By dlindorff - Posted on 09 February 2014

By Dave Lindorff


I never really knew Pete Seeger, but he taught me how to play the banjo.

As a young amateur musician in junior high school in the early 1960s, just learning to play guitar and banjo and to sing folksongs, I certainly felt like I I knew him, going through the instructions in the manual he and his life companion Toshi copied and stapled together themselves. His high tenor renditions of wonderful old folk tunes that I’d never heard before, and his renditions of the powerful political songs of people like Woody Guthrie and Joe Hill--people I'd never heard of--didn’t just broaden my musical sensibilities, but actually shaped me politically more than I could have possibly realized at the time.

A few years later, as I got old enough to have to confront the draft, and to think about the horrors of the US war on the people of Vietnam, Laos and Cambodia, and as I began to attend major anti-war demonstrations, there was always Pete there, banjo gripped by the neck, lanky in his bluejeans, climbing up on the stage to sing one anti-war anthem after another.

He never got old. I remember going to hear him back in the late 1970s at a SRO concert at UCLA’s Royce Hall, and just being amazed at the range of ages in the audience, from little toddlers sitting on their parents’ shoulders in the standees area at the back of the hall to ancient-looking people sitting in the seats, craning to hear through aging ears.
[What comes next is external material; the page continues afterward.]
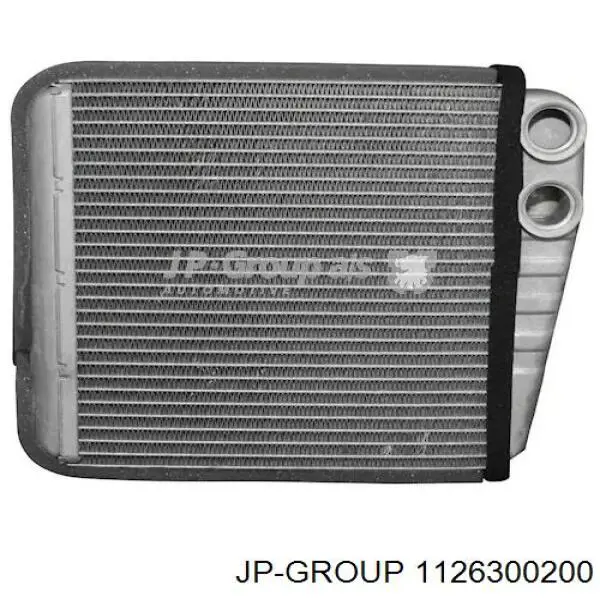 Chłodnica nagrzewnicy (ogrzewacza) JP Group 1126300200 cena, od 43,70 USD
But of course he did get old, finally even losing his singing voice. At one point, back in the mid-1980s during the Reagan administration years when I was living in New York, there was a plan to base the refurbished WWII battleship Iowa on Staten Island at the mouth of the Hudson River. The ship by 1984 had been retrofitted with nuclear-capable cruise missiles, and was going to be a terrible blot on the whole region if it were based there. Of course, it was also going to be sitting in the very river that Pete had decided to devote his latter years trying to clean up from all the toxic PCBs and other pollutants that corporations like GE had been dumping into it like their personal sewer for decades. 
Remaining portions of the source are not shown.